Nathan Fulgado, Writer

artwork by Rianna Gonsalves


Humans have had an unusual fascination with using animals as a means of entertainment. Zoos, aquariums, bird parks and nature parks have kept wild animals in captivity which has had severe consequences on the animals and their species. The spectacle of watching a wild animal, maybe even a predator, being tamed by its human master is a sight to behold in the entertainment industry. The dangers posed by the capturing of such animals has led to some truly tragic moments.


The killer whale, or Orca, is one of the largest predators in the sea. The creature weighs almost two tons and is as large as a sailboat. It hunts in packs, similar to wolves. These packs are called pods, and each pod can contain up to thirty killer whales. A single killer whale is able to hunt an agile seal or penguin, but a pod can take down a humpback whale.
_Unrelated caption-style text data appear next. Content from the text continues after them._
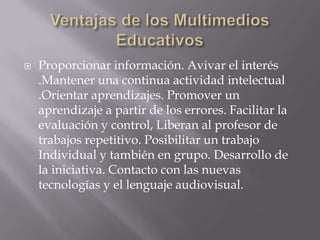    Proporcionar información. Avivar el interés
    .Mantener una continua actividad intelectual
    .Orientar aprendizajes. Promover un
    aprendizaje a partir de los errores. Facilitar la
    evaluación y control, Liberan al profesor de
    trabajos repetitivo. Posibilitar un trabajo
    Individual y también en grupo. Desarrollo de
    la iniciativa. Contacto con las nuevas
    tecnologías y el lenguaje audiovisual.
 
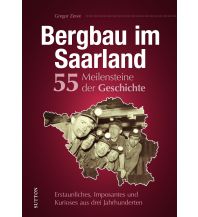Bergbau im Saarland. 55 Meilensteine der Geschichte Sutton Verlag GmbH
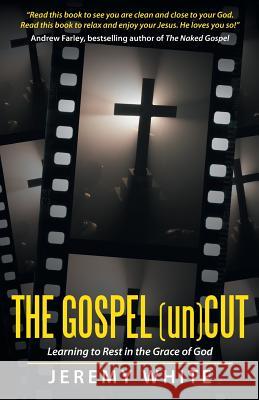 The Gospel Uncut: Learning to Rest in the Grace of God Jeremy White 9781497504448 Createspace - książka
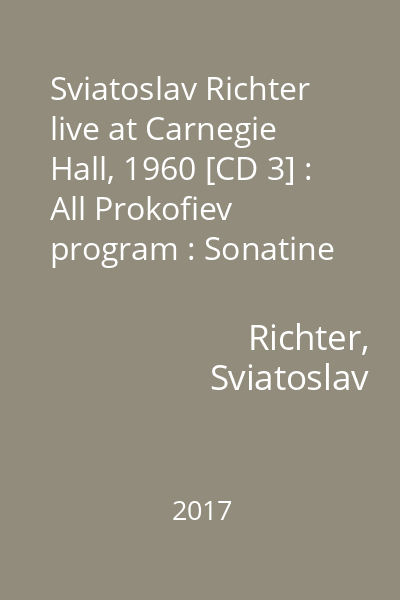 Sviatoslav Richter live at Carnegie Hall, 1960 [CD 3] : All Prokofiev program : Sonatine pastorale : Paysage : Pensée III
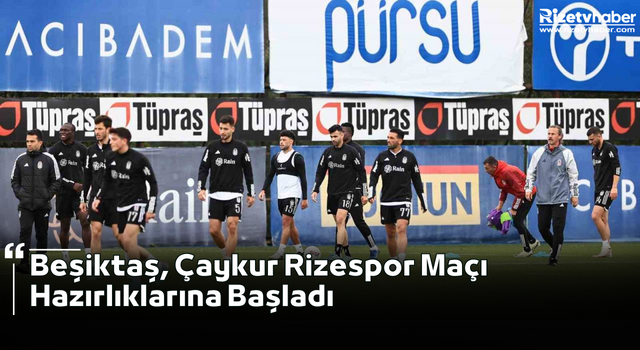 Beşiktaş, Çaykur Rizespor Maçı Hazırlıklarına Başladı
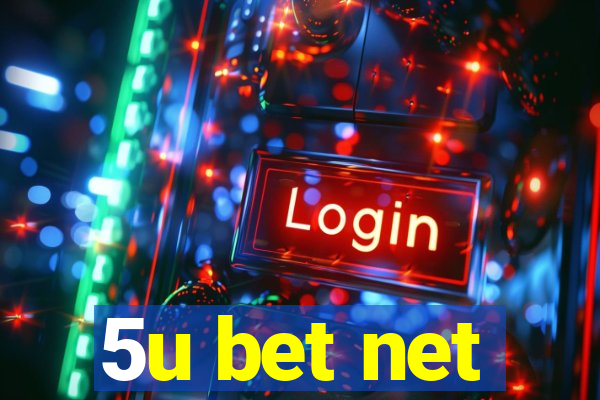 5u bet net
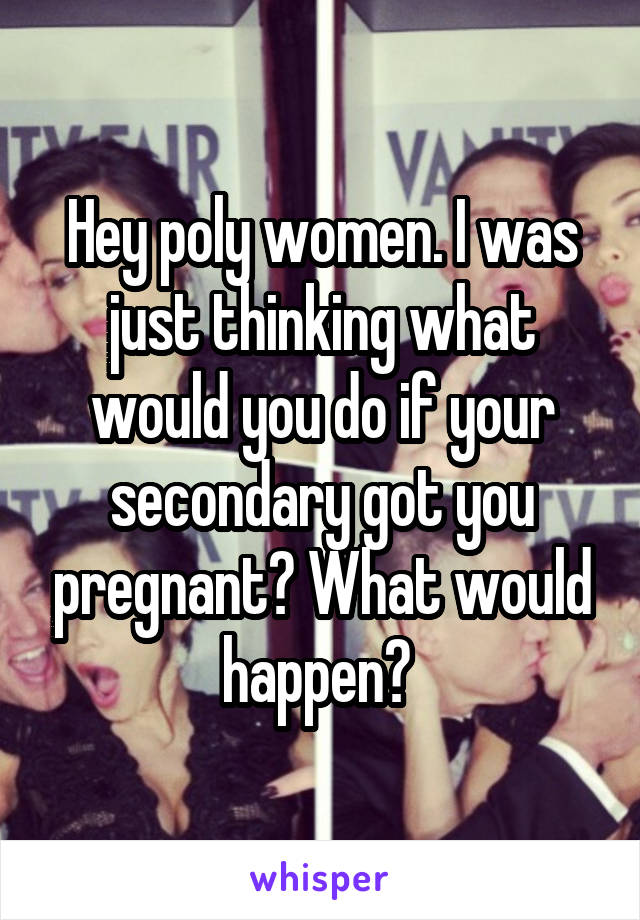 Hey poly women. I was just thinking what would you do if your secondary got you pregnant? What would happen?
These whales, in spite of their hunting prowess and incredible size, are huge attractions in marine parks. There are more than sixty killer whales in captivity. More than half of those have been born in captivity. These magnificent animals are incredibly intelligent as well, which humans have taken advantage of. They are trained to perform stunts and tricks that wow audiences who pay hundreds of dollars to see them perform.


People who saw the movie (Free Willy) were shocked to find out that Keiko was also a captive killer whale. To create a movie about a whale escaping captivity, the filmmakers had to violate the fundamental premise of the movie.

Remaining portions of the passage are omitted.